Именно повесть стала формой передачи широкого, многотрудного характера человека уже не коммунистической формации или идеалов социализма, а человека – со всеми его недостатками, оголённым взглядом на происходящее, на изобличение внутреннего несогласия. В ней, повести, – куда более возможен показ дороги, тянущей сюжет от детства к основному событию. Не устланная, не мощёная, — она подобна тору сквозь непролазные кущи осознаний, переоценок, но чаще – действий по наитию.

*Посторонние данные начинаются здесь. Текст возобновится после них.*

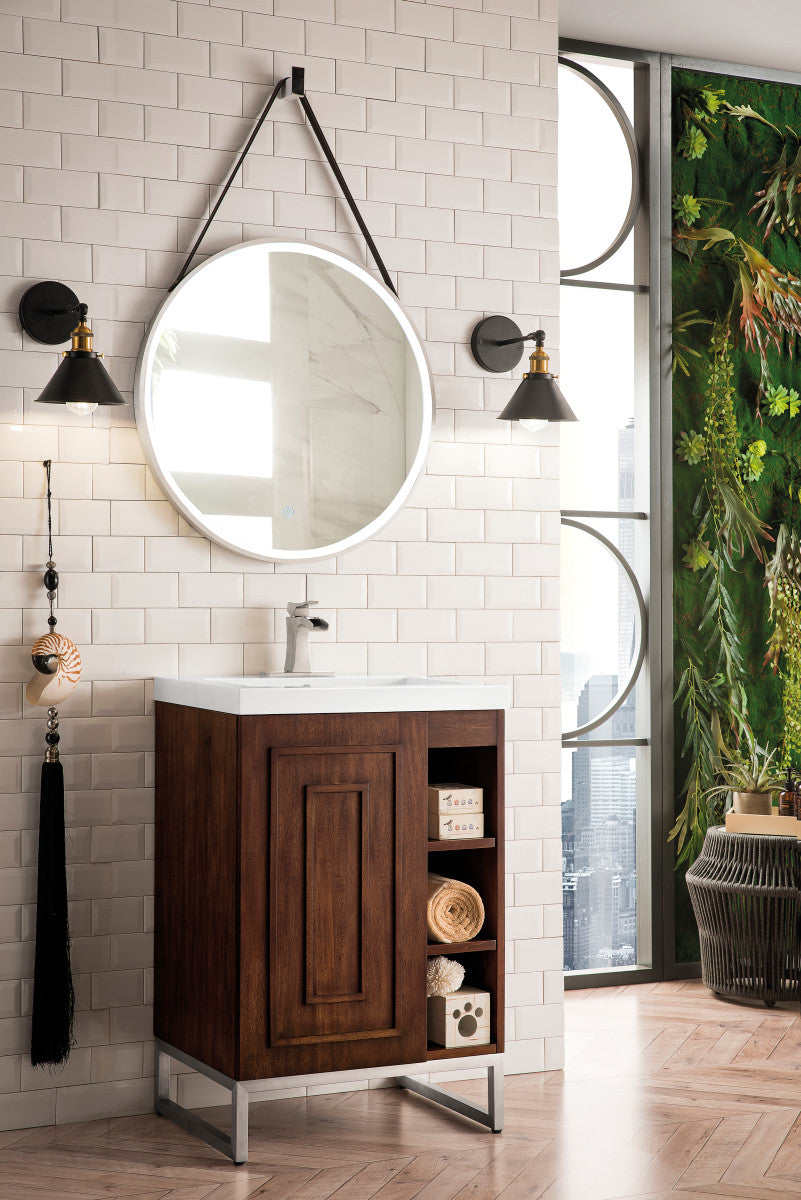 Alicante 24" Single Vanity with White Glossy Composite Stone Top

Характер русского человека – однодневен, он поглощён задачами «сегодняшнего» дня, потому он весь отдаётся работе. Уходит в неё с головой, будь то Башилов («Где сходится небо с холмами»),  или капитан Хабаров («Казённая сказка»), или Иван Африканович  («Привычное дело»). Потому-то, очнувшись, вынырнув из дел своих и забот, он оказывается потерянным, растерявшимся, не знающим, для чего он всё своё «это» делал. Он – единица. Но, к сожалению, типичная, клонированная советской эпохой, единица.  Обозрением будущего занимается его начальник, который тоже зависим от вышестоящего начальства. И он тоже клонированная особь, – исполнитель воли. Но безвольным, подчиняющимся этого героя уже назвать нельзя. Он, исторически, – бунтарь, а идеологически — «совестливый труженик» (О.Павлов «Казённая сказка»).

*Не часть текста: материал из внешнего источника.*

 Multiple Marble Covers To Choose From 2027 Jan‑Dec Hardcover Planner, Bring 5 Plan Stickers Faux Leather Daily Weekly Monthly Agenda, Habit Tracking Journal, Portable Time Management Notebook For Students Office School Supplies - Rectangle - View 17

Рассказ, в противовес повести, может охватить лишь единую деталь человека-единицы. Но время расширило рамки понимания образа. Отчасти это связано с информационной масштабностью. Человек в повести это уже образ, вобравший в себя состояние эпохи. Он — отражение в зеркале эпохи.

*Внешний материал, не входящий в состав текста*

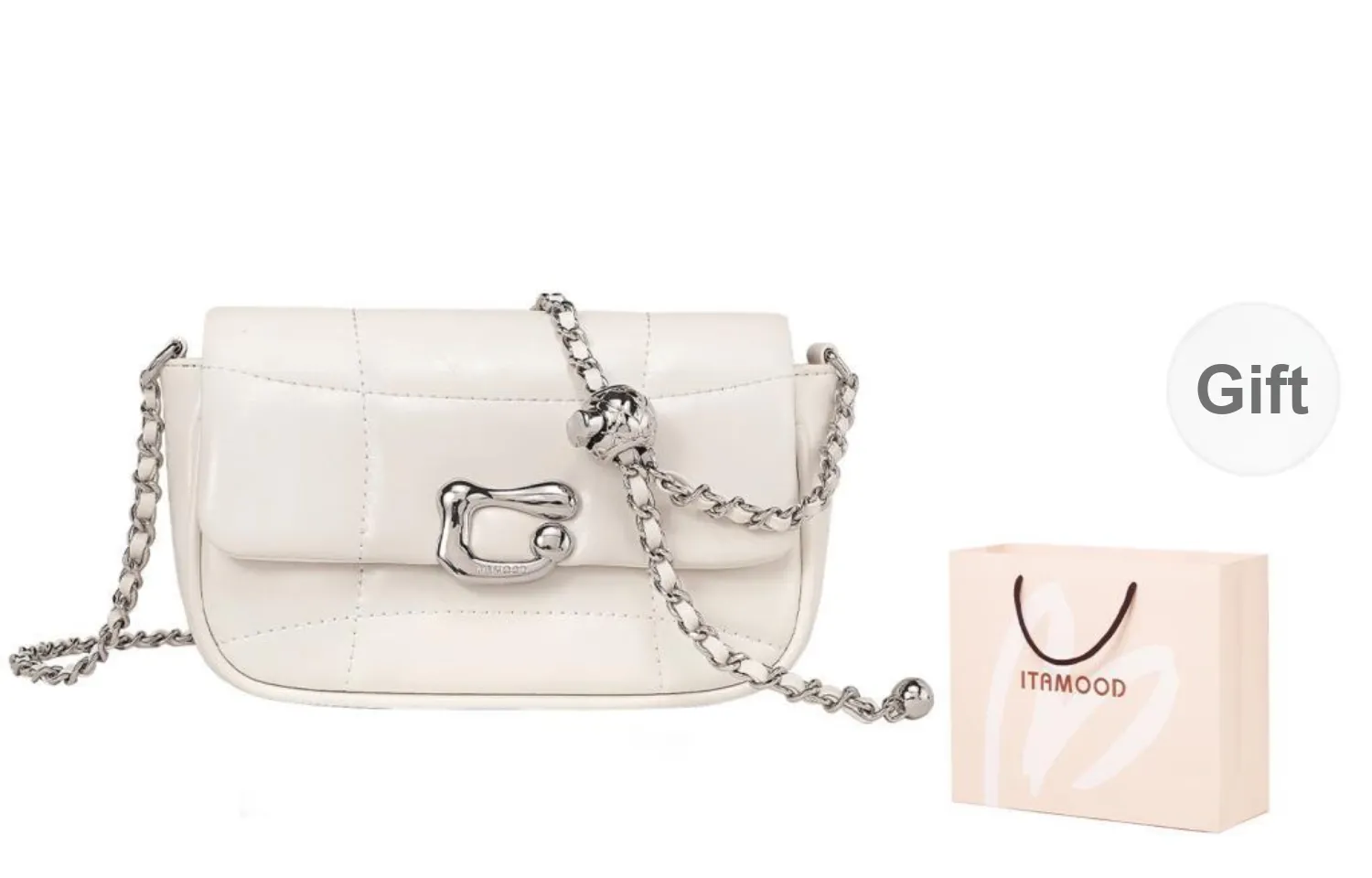 Miao Di Cow Leather Shoulder Bag Crossbody Bag Regular Women's White/Black/Silver/Red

В рамках повести удобнее проследить тропинку одинокого человека, приведшую к гранёному стакану, к заросшему сорняком двору, к подъезду, к могиле. Такими  и показаны характеры русского человека XX-го столетия  в ярких произведениях Виктора Астафьева, Василия Белова, Венедикта Ерофеева, Владимира Маканина, Андрея Платонова, Валентина Распутина, Олега Павлова.

Русская натура в этих произведениях формировались в послевоенное время. Она ещё не отошла от единения с крестьянским происхождением, и уже хлебнула полуголодного и нищего родительского горя, насытившись горсткой зёрен, доставшихся от продразвёрстки, поднимающих на стройках социализма страну. Поднимающих это бремя – до надрыва. Надорвался, рухнул. А страна дальше пошагала, показывая новому поколению светлые горизонты. Только не осталось в этих горизонтах человека прежнего. О нём не вспомнили. Через него перешагнули. Человек – как использованный материал, брошен, забыт. Что ж ему остаётся? На судьбу жаловаться? А кто услышит, акромя Бога? Вот туда и поют, туда и воют, этот воздух и пьют.

О всепрощении – уже было ранее сказано. О героизме тоже. Теперь время пришло, исходя из поступков человека, показать его рану на душе, его брошенность. И воспитательные задачи немного отступили на задки. Оголить необходимо, прежде чем ставить диагноз. Об этом оголении русского характера и говорится в формате повести XXстолетия.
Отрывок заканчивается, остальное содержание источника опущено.